Jeff Muhs, a director of strategy and business development at USU Energy Dynamics Laboratory (EDL) in Logan, Utah, offers four advantages to algae as a biofuel: food price stability, insulation from energy price shocks, reduction of oil imports, and wastewater reclamation.
First, algae does not increase the price of foods like wheat, corn, or sugar ethanol. Second, it provides stable energy prices because production can be controlled with greater ease than fossil fuels. Third, the US can improve its balance of payments if algae is produced domestically. Fourth, if it is harvested with wastewater, it can clean the water as well as provide an energy source.
The difficulty, however, is finding a method that is both relatively low cost and large scale. The big push to do so has come within the past five years, but there’s still awhile to go. It could take twice as long to make an impact on the energy markets compared to shale oil, for example.
But it’s clear that USU has the ambition to be one of the first to find a commercially viable solution.

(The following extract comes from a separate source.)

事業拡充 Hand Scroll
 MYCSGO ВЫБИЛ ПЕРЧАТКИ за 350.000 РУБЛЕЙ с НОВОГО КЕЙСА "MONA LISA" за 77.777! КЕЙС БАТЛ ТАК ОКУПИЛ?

Kevin Shurtleff, branch lead of the algae energy systems at USU EDL, says that it is growing two acres of algae but hopes to have thousands of acres by [fourth quarter] 2012-2013. One acre can provide between 2,000 and 15,000 gallons of biofuel a year, according to the video.
Notice how Greg Townsley, a facility manager at the USU algae biofuel research facility, describes the algae at one point in the production cycle as having the thickness of pancake batter. Nice, green pancake batter as biofuel.